Идея эта захватила нас сразу и целиком. Остаток речи Игоря Палыча мы не слышали, да и не могли бы услышать — нас не было в классе и вообще в городе. Мысленно мы уже лежали на берегу речки и наслаждались полной свободой.

К действительности нас вернул звонок — он в нашей школе такой оглушительный, что Федор даже вздрагивает. Мы молча с очень серьезными лицами выходим из-за парты — под сильным впечатлением от всего сказанного учителем — и тихо выбираемся из класса.

На улице решаем встретиться завтра утром во дворе моего дома. Сегодняшний вечер мы жертвуем на обработку родителей, которых надо убедить в совершенной невозможности оставаться летом в пыльном и душном городе. А так же в том, что и пионерский лагерь — далеко не самое лучшее место для уставшего за целый год человека. Ведь ничто так не способствует восстановлению сил, как свободный режим, чистый воздух и жизнь в естественных условиях. Дальше сам собой напрашивается вывод, что после такого отдыха и учеба покажется желанной и интересной.
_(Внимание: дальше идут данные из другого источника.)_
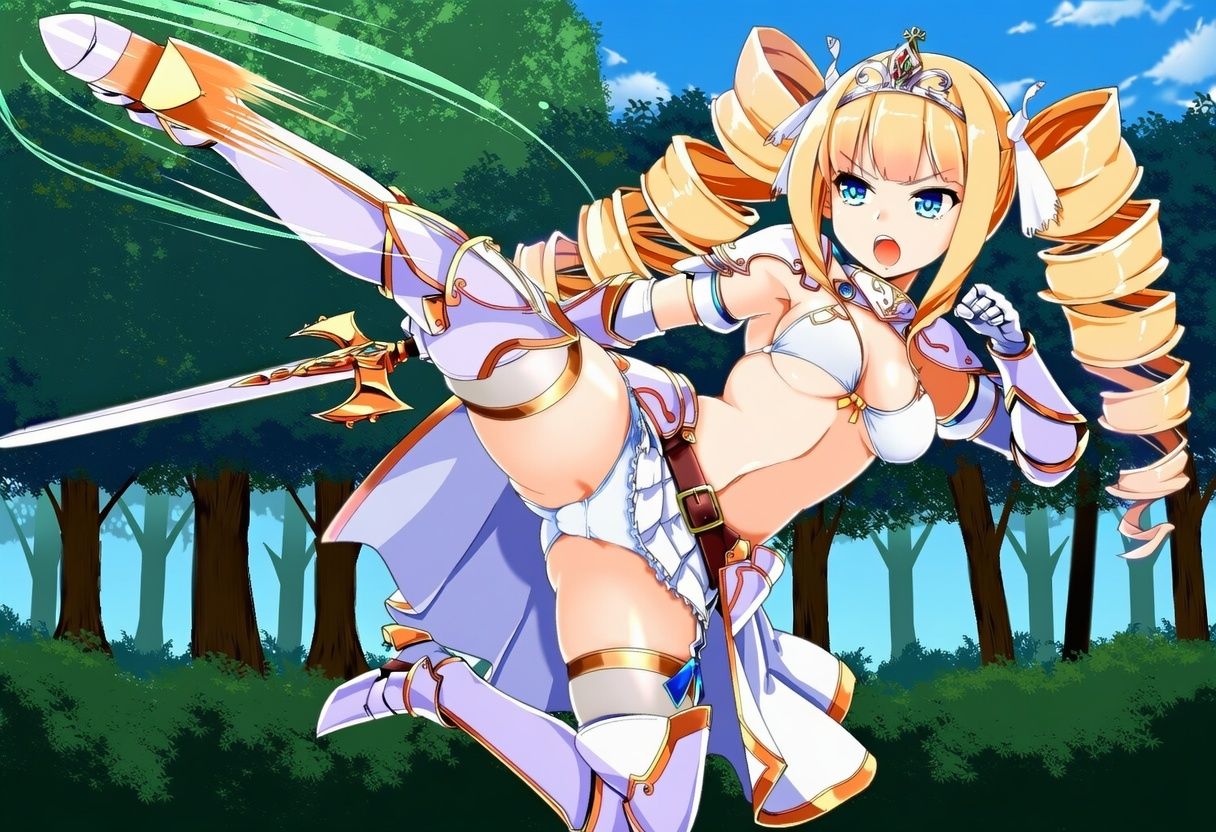 白碧の姫騎士、黒闇の地に屈す - サンプル画像 2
Федор советует убеждать родителей ненавязчиво, постепенно подводя их самих к нужному решению. Чтобы поездку в деревню, где мы будем предоставлены сами себе, предложили они.
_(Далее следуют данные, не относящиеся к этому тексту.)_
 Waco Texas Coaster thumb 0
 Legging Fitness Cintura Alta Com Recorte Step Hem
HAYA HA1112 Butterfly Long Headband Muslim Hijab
Я в точности следую его инструкциям и после ужина слышу:

— А знаешь, по-моему, нет лучше отдыха, чем летом в деревне, — это папа. — Речка, лес, парное молоко — чудесно! Пусть Тимофей отдохнет, как следует, а то у него такой вид, будто он кончил не седьмой класс на одни тройки, а по крайней мере консерваторию с золотой медалью.

— Две четверки у меня все-таки есть, — слабым голосом говорю я, чтобы восстановить справедливость, но меня, кажется, никто не слушает.

Папа продолжает:

— Федор — мальчик серьезный. Вдвоем они вряд ли способны на глупости. Пусть побудет в деревне недельки две, а там посмотрим.

Я делаю вид, что ничего особенного не услышал, радости не показываю, чтобы не насторожить родителей. Напротив, весь мой вид говорит о крайнем утомлении, вызванном, конечно, сложной школьной программой. И родители отсылают меня спать пораньше.

В темноте, уже лежа в постели, я радостно улыбаюсь, думая о поездке в деревню и скоро засыпаю. Всю ночь мне снятся отвратительные сны — толстые вороны громко каркают и все норовят проткнуть клювами шины моего велосипеда, на котором мы с Федором едем на рыбалку. При этом нагло ухмыляются и говорят голосом Игоря Палыча:

— Рыбки захотели? Рыбку на крючок ловить надо: попадется — не сорвется!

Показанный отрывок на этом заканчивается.